WHAT THE EXERCISE ASKS: Repeat the data exactly as given below, dropping every picture.

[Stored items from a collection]

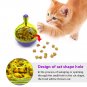 Cat Dog Food Dispenser Interactive Toy Ball IQ  Pet Treat Fun Play Crazy Puzzle
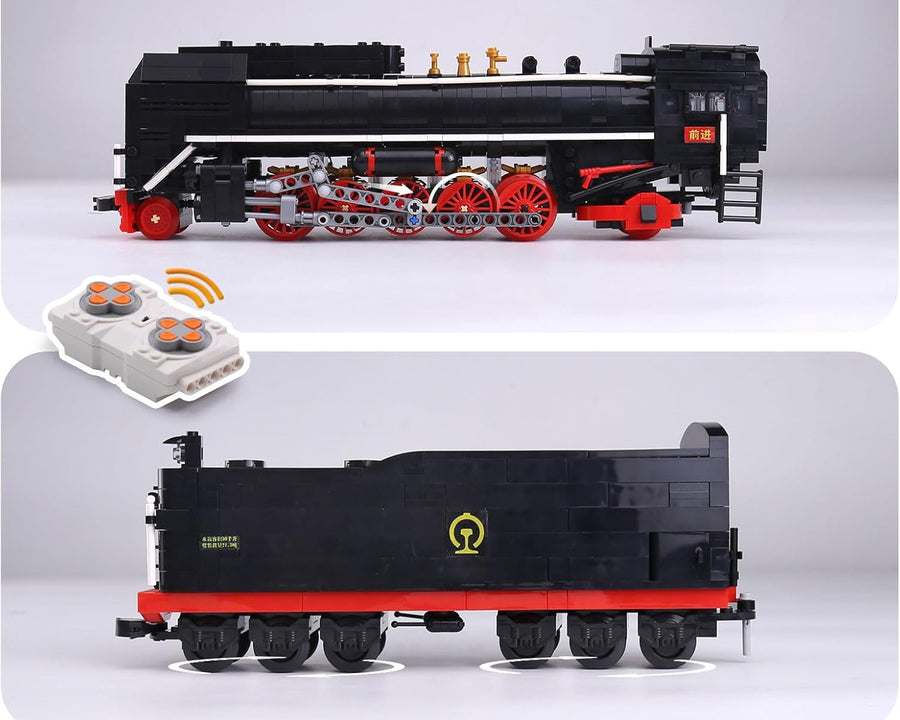 World Railway Hith-tech Train 1552PCS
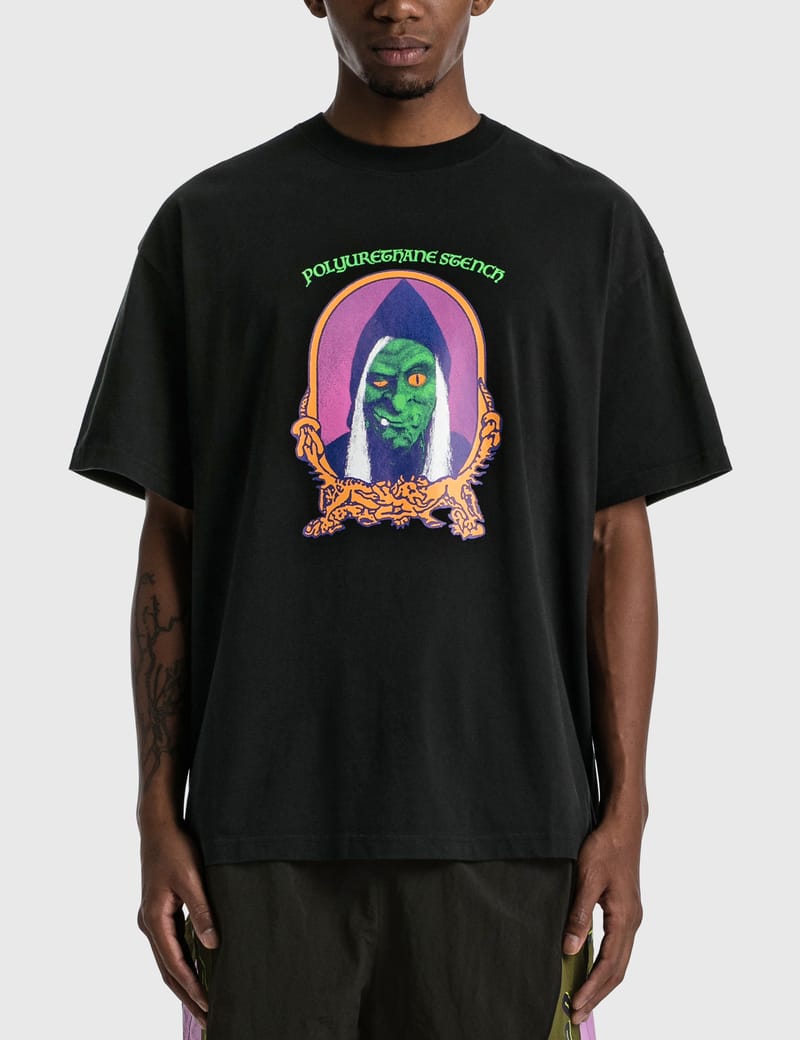 Brain Dead - Brain Dead X Gotcha Surf Ghoul T-Shirt | HBX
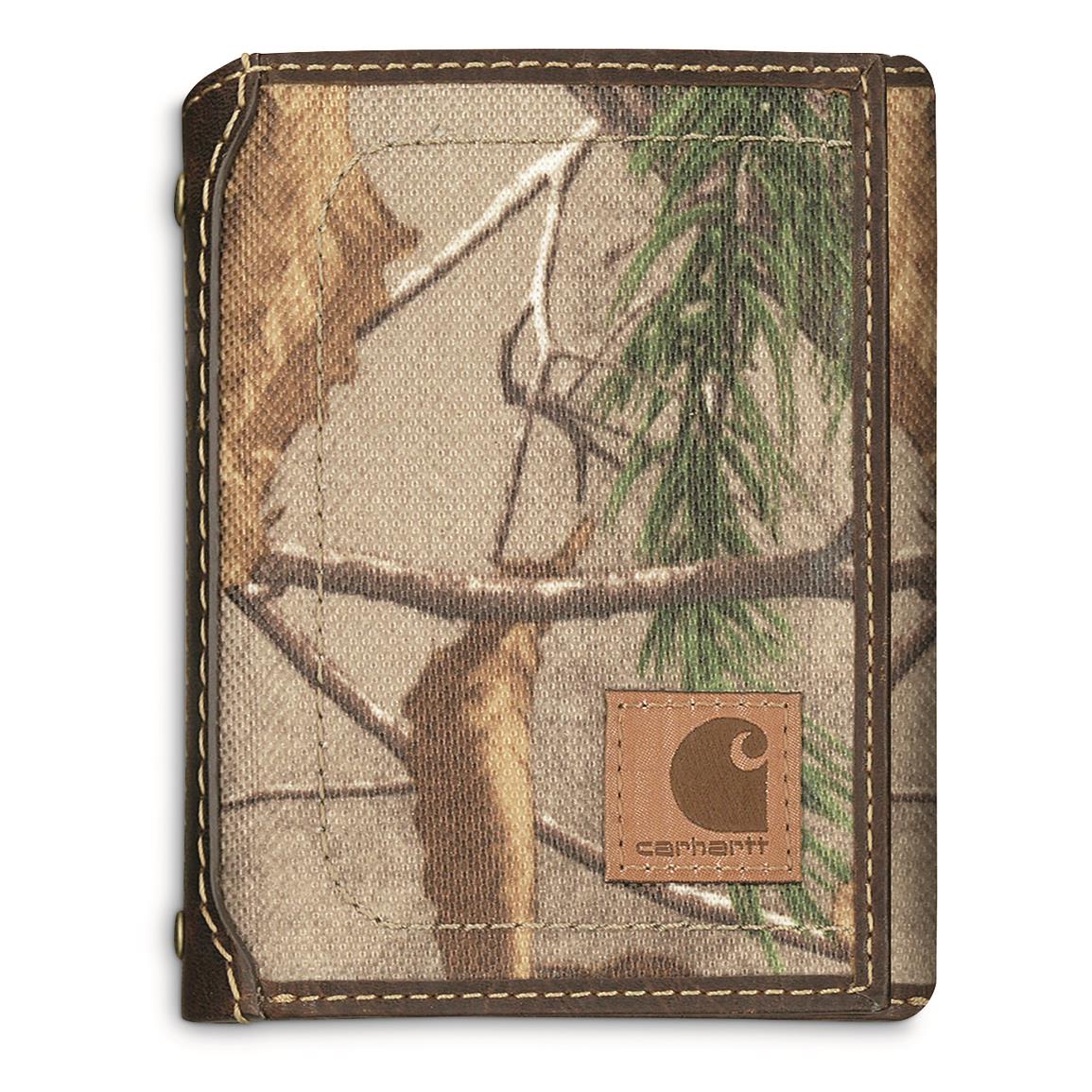 Carhartt Men&#39;s Canvas Trifold Wallet - 717315, Wallets at Sportsman&#39;s Guide
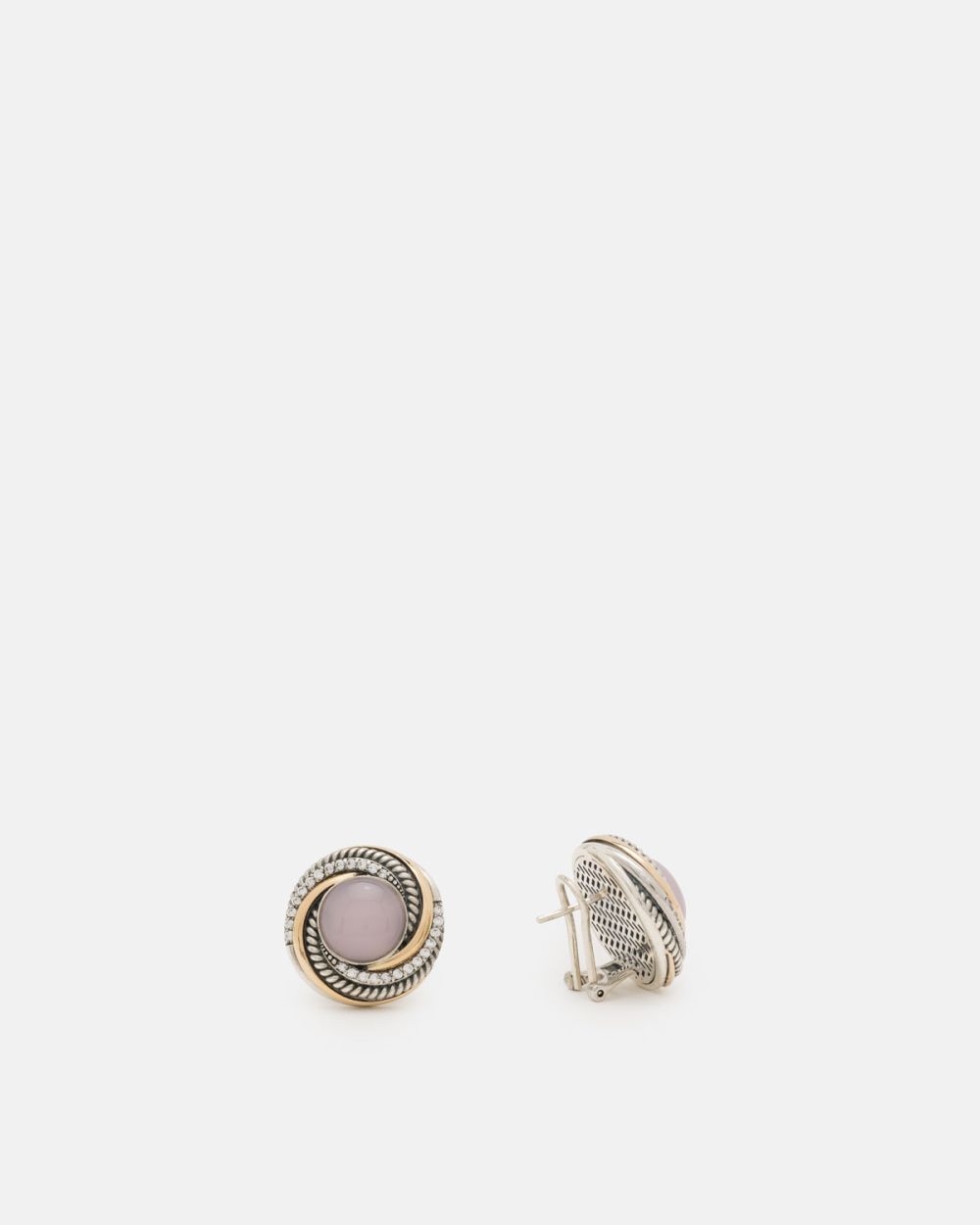 Sublime Earrings in Gold and Silver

SOLUTION:
 Cat Dog Food Dispenser Interactive Toy Ball IQ  Pet Treat Fun Play Crazy Puzzle
 World Railway Hith-tech Train 1552PCS
 Brain Dead - Brain Dead X Gotcha Surf Ghoul T-Shirt | HBX
 Carhartt Men&#39;s Canvas Trifold Wallet - 717315, Wallets at Sportsman&#39;s Guide
 Sublime Earrings in Gold and Silver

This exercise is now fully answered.